Sunday, January 08, 2006

A Painted House


I write AR Tests for the students at the high school where I work. A few days ago a student wanted me to read "A Painted House" by John Grisham and write a test for it. I will admit that I really was not to enthused to read this book. But once I got started I could not put the book down. It is a very good story and I strongly encourage you to read it.

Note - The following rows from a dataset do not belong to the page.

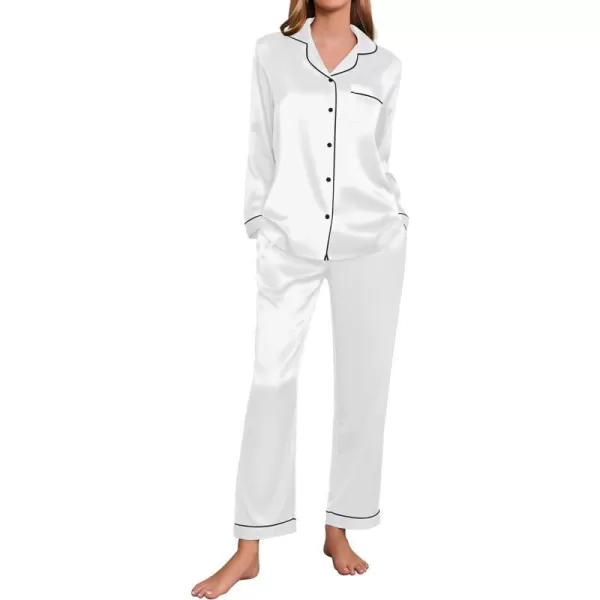 Ekouaer Silk Pajamas Womens Long Sleeve Sleepwear Satin Soft Button Down Loungewear Pjs Set SXXLWhite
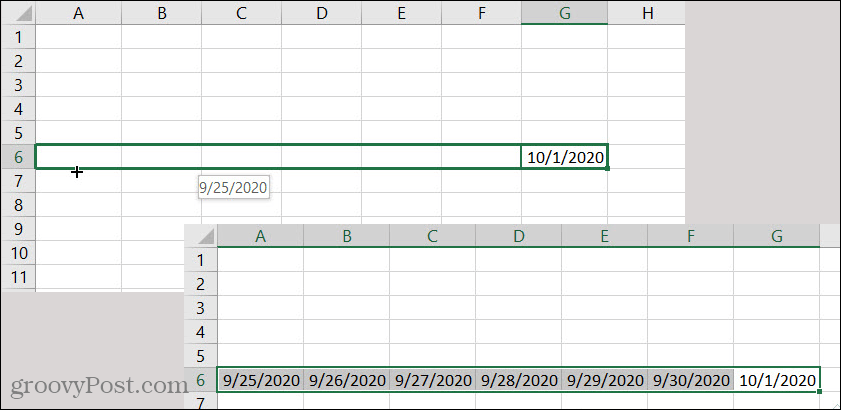 Ημερομηνία αυτόματης συμπλήρωσης του Excel προς τα πίσω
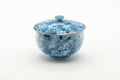 Tezumi — Japanese Teacup - Blue Floral White Porcelain Arita-yaki Lidded Yunomi - 140ml — front view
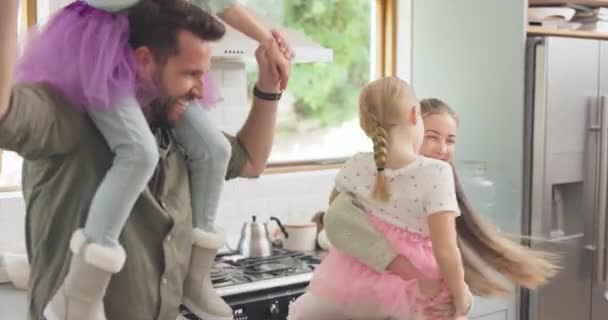 Home Tanec Rodina Láskou Hudbou Energií Svobodou Kuchyní Štěstím Rodiče — Stock video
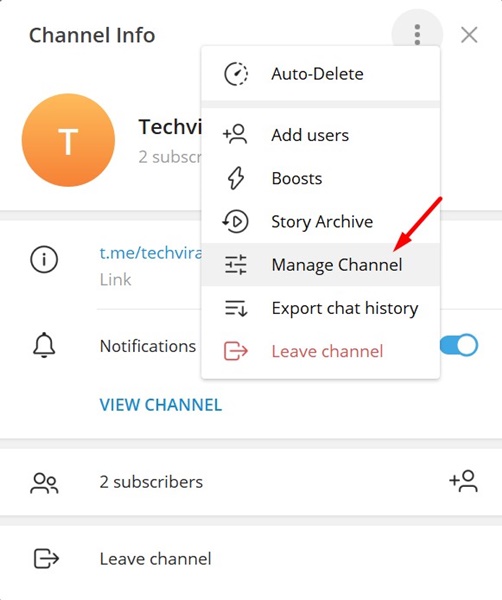 Manage Channel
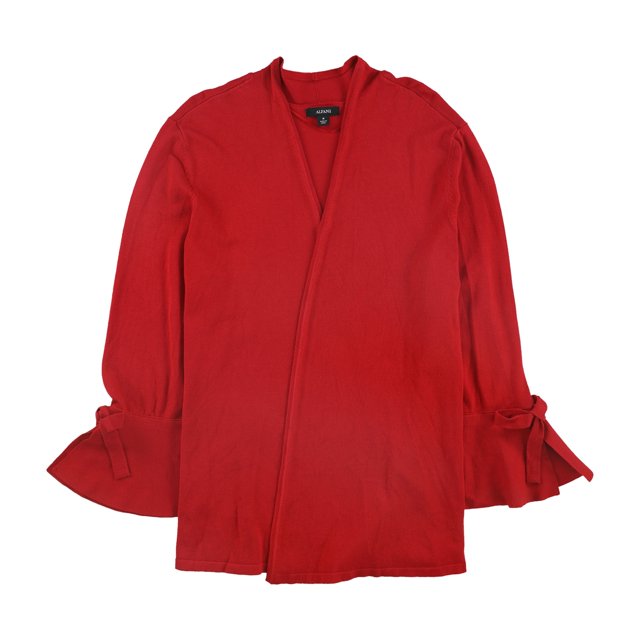 Alfani Suéter tipo cárdigan con mangas anudadas para mujer, rojo, mediano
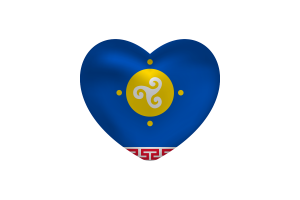 Love of Ust-Orda Buryat Autonomous Okrug Heart Shape flag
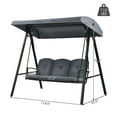 thumbnail image 3 of Topbuy 3-Person Patio Swing Seat Outdoor Porch Swing All Weather Hammock w/Adjustable Canopy & Cushions Gray, 3 of 5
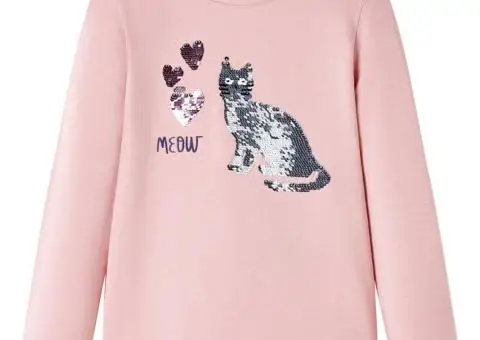 Tricou copii cu mâneci lungi, roz deschis 128 - 1/5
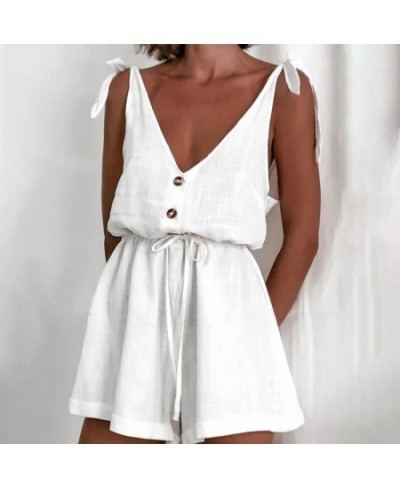 Women White Cotton Jumpsuit Romper Boho Beach Short Playsuit Casual Lounge Cotton Comfy Summer Playsuit Rompers Women $91.14 ...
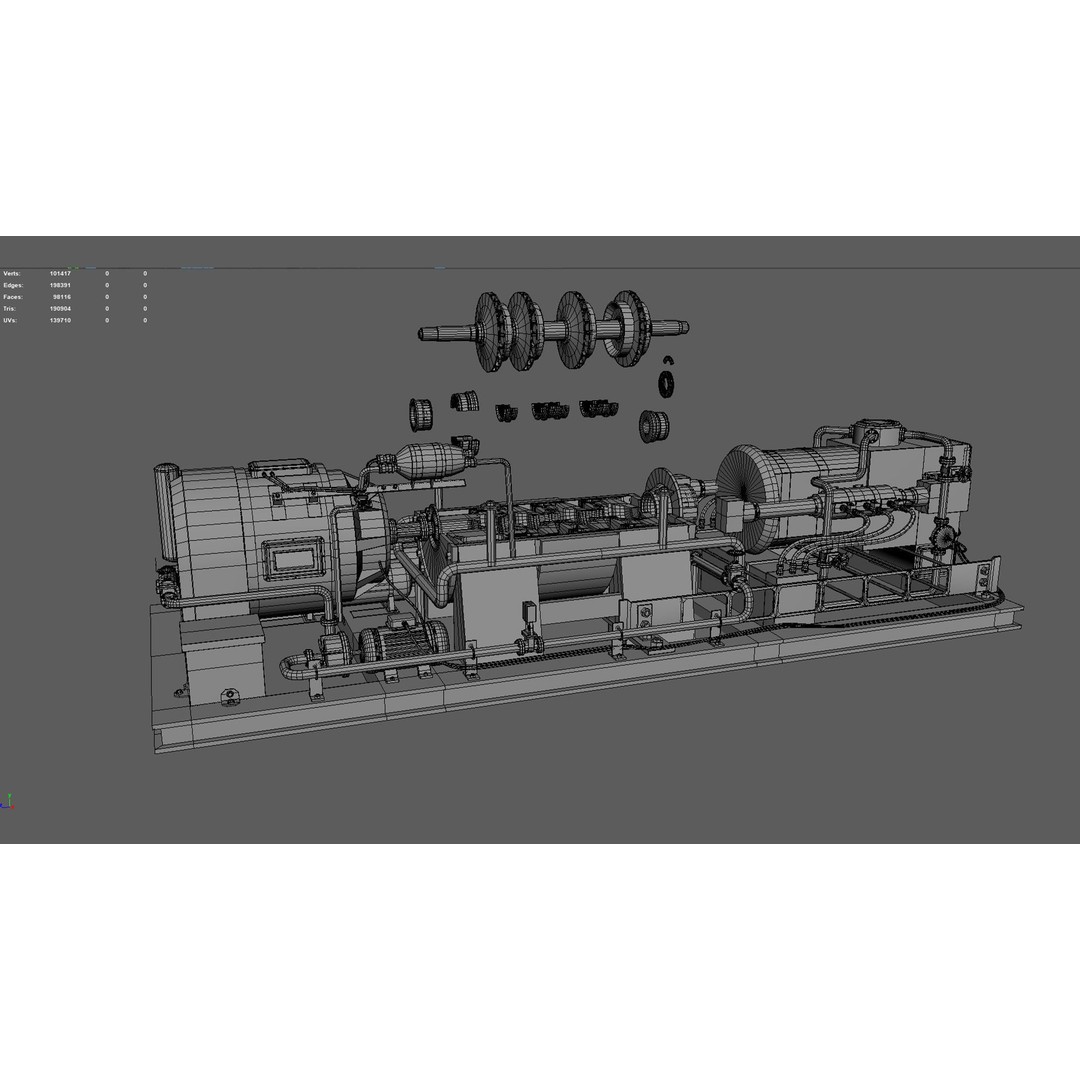 Compressor 3D Model – Low Poly PBR Game Asset, FBX, OBJ - View 5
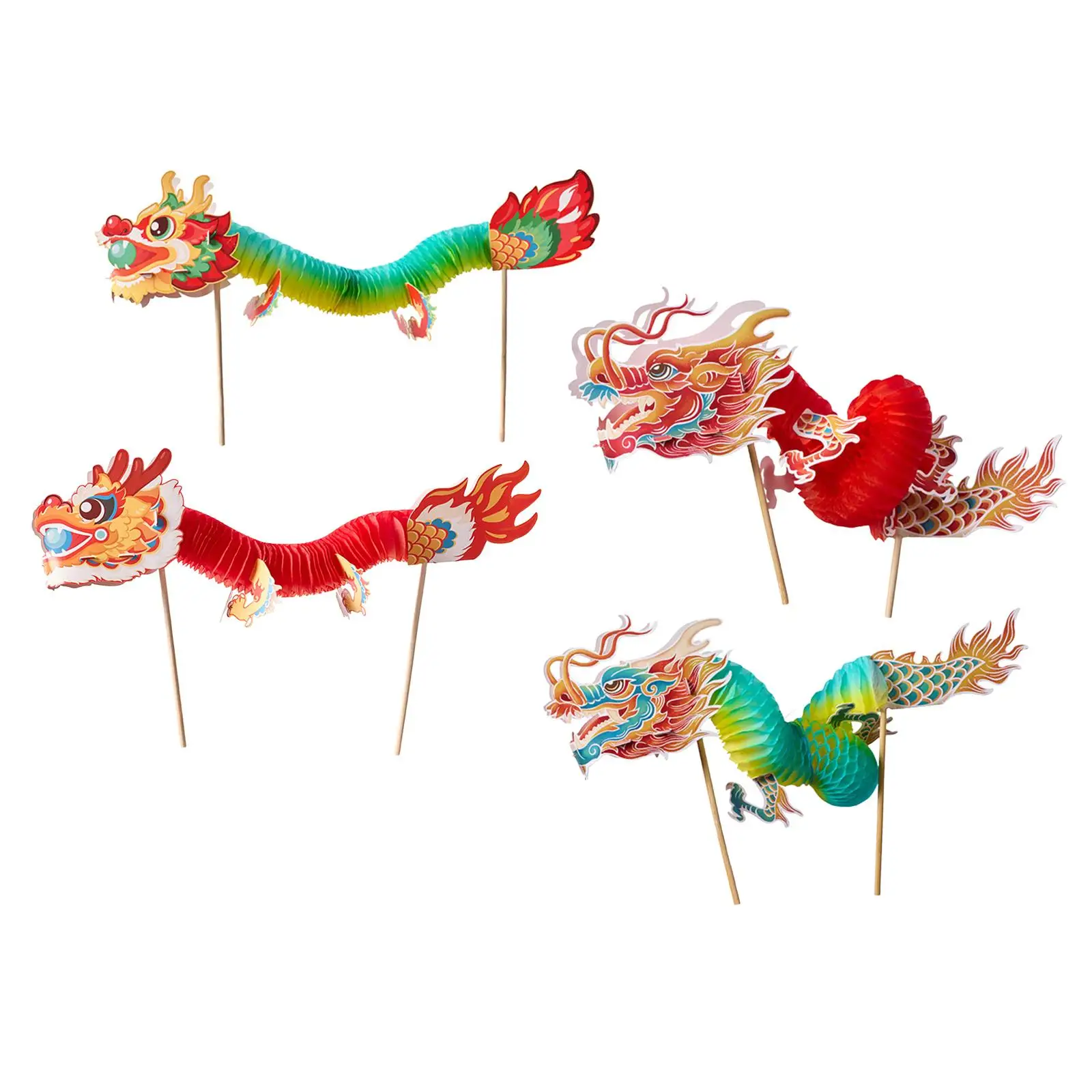thumbnail image 2 of 12-Pack Chinese Paper Dragon Decorations - DIY Dragon Garland For New Year Parties 2 of 13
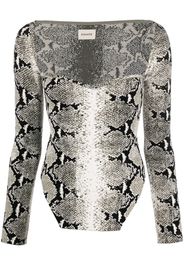 KHAITE Maddy snake-print top - Grün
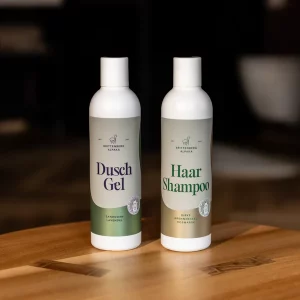 set aus alpaka haarshampoo birke & alpaka duschgel sanddorn, mit dem keratin der alpakawolle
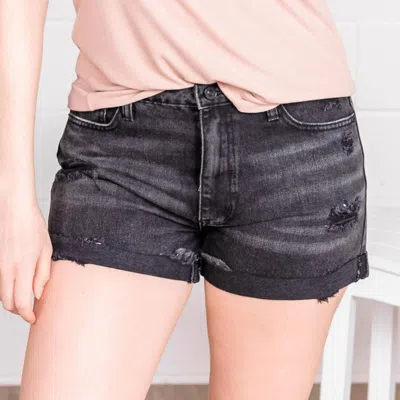 Kancan High Rise Frayed Hem Shorts In Grey
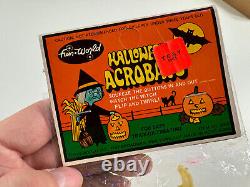 RARE vtg Halloween 80s 90s Fun World Acrobats Witch Pumpkin toy in Package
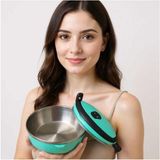 abnturk Beslenme ve Taşıma Kabı ( Sefer Tası) Paslanmaz Çelik Iç Kaplama Sızdırmaz Kilitli Kp 500 ml Yeşil - 0,5 - Mavi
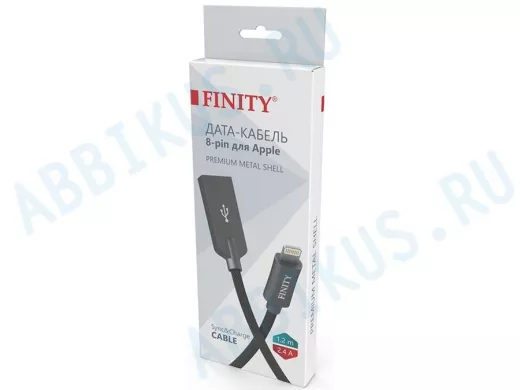 Шнур USB / Lightning (iPhone) FINITY FUL-07 Premium Series, синий, круглый, 1,2м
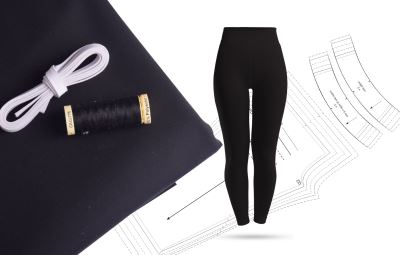 Zestaw set na sportowe legginsy czarne SET16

Grisham has delivered a quieter, more contemplative story, set in rural Arkansas in 1952. It's harvest time on the Chandler farm, and the family has hired a crew of migrant Mexicans and "hill people" to pick 80 acres of cotton. A certain camaraderie pervades this bucolic dream team. But it's backbreaking work, particularly for the 7-year-old narrator, Luke: "I would pick cotton, tearing the fluffy bolls from the stalks at a steady pace, stuffing them into the heavy sack, afraid to look down the row and be reminded of how endless it was, afraid to slow down because someone would notice."
What's more, tensions begin to simmer between the Mexicans and the hill people, one of whom has a penchant for bare-knuckles brawling. This leads to a brutal murder, which young Luke has the bad luck to witness. At this point--with secrets, lies, and at least one knife fight in the offing--the plot begins to take on that familiar, Grisham-style momentum. Still, such matters ultimately take a back seat in A Painted House to the author's evocation of time and place. This is, after all, the scene of his boyhood, and Grisham waxes nostalgic without ever succumbing to deep-fried sentimentality. Meanwhile, his account of Luke's Baptist upbringing occasions some sly (and telling) humor:

I'd been taught in Sunday school from the day I could walk that lying would send you straight to hell. No detours. No second chances. Straight into the fiery pit, where Satan was waiting with the likes of Hitler and Judas Iscariot and General Grant. Thou shalt not bear false witness, which, of course, didn't sound exactly like a strict prohibition against lying, but that was the way the Baptists interpreted it.